Keywords

emotion, vocal emotion, acting, psychology, neural networks, artificial intelligence, voice

Data Set Description Summary

This corpus contains over 50 hours of voice acted readings as part of a dissertation project. These recordings represent one of four emotions or the subject's normal speaking voice. The four emotions acted are: anger, fear, happiness, and sadness. These recordings can be useful for building a simple emotion recognition model. Data were collected from BYU students in 2019. Supporting documents designed for people wanting replicate this project are included in Documents.zip. For more information about these files, read the README file.

All audio files are encoded as 44.1 kHz .wav mono audio. Each subject read the 50-word script multiple times, with one intact reading found in each recording. Regular_Instructions.zip represents the most complete and polished set of data, with 120 subjects represented in 11,831 .wav files. Variety_Instructions.zip are from these same 120 subjects, but in a separate task, which involved reading the script while acting one emotion in as many different ways as possible. This folder contains 997 .wav files.

Various script-reading issues are found in Additional_Corpus_Files.zip for the same 120 subjects.
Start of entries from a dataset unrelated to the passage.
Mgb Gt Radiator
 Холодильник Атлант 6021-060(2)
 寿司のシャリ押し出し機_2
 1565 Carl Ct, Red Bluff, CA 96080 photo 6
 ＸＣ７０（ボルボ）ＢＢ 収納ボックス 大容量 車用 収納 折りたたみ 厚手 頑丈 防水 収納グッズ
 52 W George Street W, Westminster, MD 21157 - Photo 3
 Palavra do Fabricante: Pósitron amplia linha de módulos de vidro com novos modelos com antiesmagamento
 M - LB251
An additional 11 subjects are included in Additional_Subjects.zip, who have too few good recordings in each emotion, prevalent background noise, or had the research assistant end the recording session prematurely.

Additional audio files are found in Corpus_Files_Without_Forced_Alignment.zip, which contains 168 files that failed one analysis step.

Full_TextGrids.zip contains information for timing of words and sounds in each audio file.

This data set is licensed under CC BY-NC-SA 4.0, explained in the LICENSE file.